Abstract 725P
Background
Hepatocellular carcinoma (HCC) is a common malignant tumor with poor prognosis. Coproptosis is a newly discovered regulated cell death caused by intracellular copper-triggered aggregation of mitochondrial lipoylated proteins and the destabilization of Fe–S cluster proteins.
Methods
We analyzed the expression changes, methylation levels, mutation status and prognosis of 13 CRGs in 538 HCC samples. Liver cancer patients were divided into two CRG clusters according to the expression of CRGs. Then HCC patients were classified according to the differential genes between the two gene clusters, and the prognosis of the two gene clusters is significantly different. A cuproptosis risk model was constructed according to the 5 risk genes using the LASSO COX method. We further constructed a nomogram to improve the clinical applicability of the risk model.
Results
The results suggested that the differences in the expression levels of CRGs in HCC may be regulated by methylation. Gsva enrichment analysis shown that CRG clusters and gene clusters were significantly enriched in the multiple tumors related signaling pathways and tumor metabolism related pathways, including TCA cycle. The relationship between CRGs, risk genes and immune microenvironment was analyzed by using CIBERSORT algorithm and single-cell data analysis method. Cuproptosis risk score was positively correlated with activated memory CD4 + T cells and negatively correlated with activated NK cells, resting memory CD4+ T cells, T regulatory cells.
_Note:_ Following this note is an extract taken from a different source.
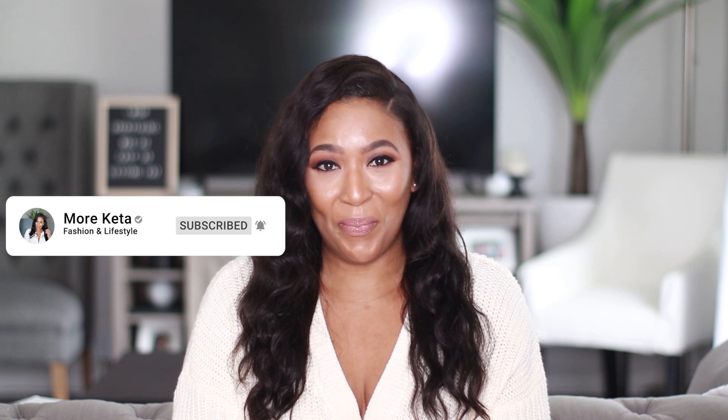Hey, it's Kida, and today I'm bringing you an affordable clothing haul from Walmart. But before we get into that haul, let me welcome you to my channel, MoreKida, where my goal is to motivate women, including myself, to be more confident and more accepting of who we are through fashion and lifestyle tips. And if that's something that interests you, please go ahead and hit that subscribe button so you never miss a video from me.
Finally, we conducted antineoplastic drug sensitivity analysis and provide anti-tumor treatment strategies for liver cancer patients in different subtypes. we found that Doxorubicin, Vinorelbine, and Cisplatin had lower IC50 values for patients in the high cuproptosis risk score group, while chemotherapy drugs such as Elesclomol, Gefitinib and Imatinib had lower IC50 values for patients with low cuproptosis risk score. These results suggested that cuproptosis risk model may aid in strategies for selecting anticancer drugs for HCC patients.
Conclusions
These findings may improve our understanding of CRG in HCC and provide new insights for assessing prognosis and developing more effective treatment strategies.
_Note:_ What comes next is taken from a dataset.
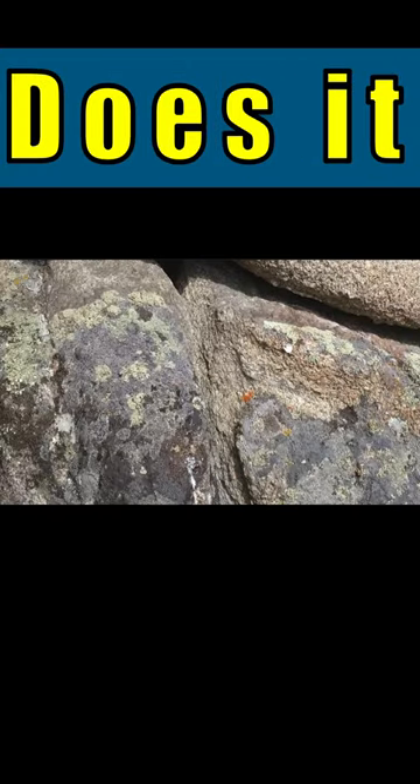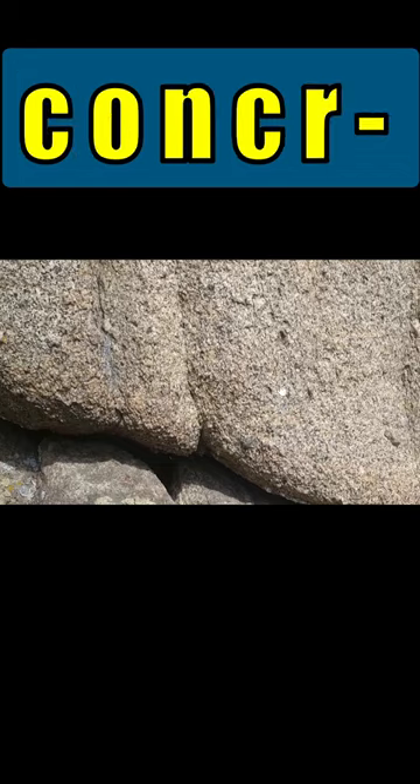Look at this. I think we have two different types of material. Doesn't this look like a concrete? A geologist would say this is a granite — like a pink granite, probably.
Clinical trial identification
Editorial acknowledgement
Legal entity responsible for the study
Department of Hepatic Surgery, Fudan University Shanghai Cancer Center.
Funding
This study was supported by grants from the Clinical Research Plan of SHDC (SHDC2020CR4018), the National Natural Science Foundation of China (81902907 and 81874182) and Shanghai Pujiang Program (2019PJD008).
Disclosure
All authors have declared no conflicts of interest.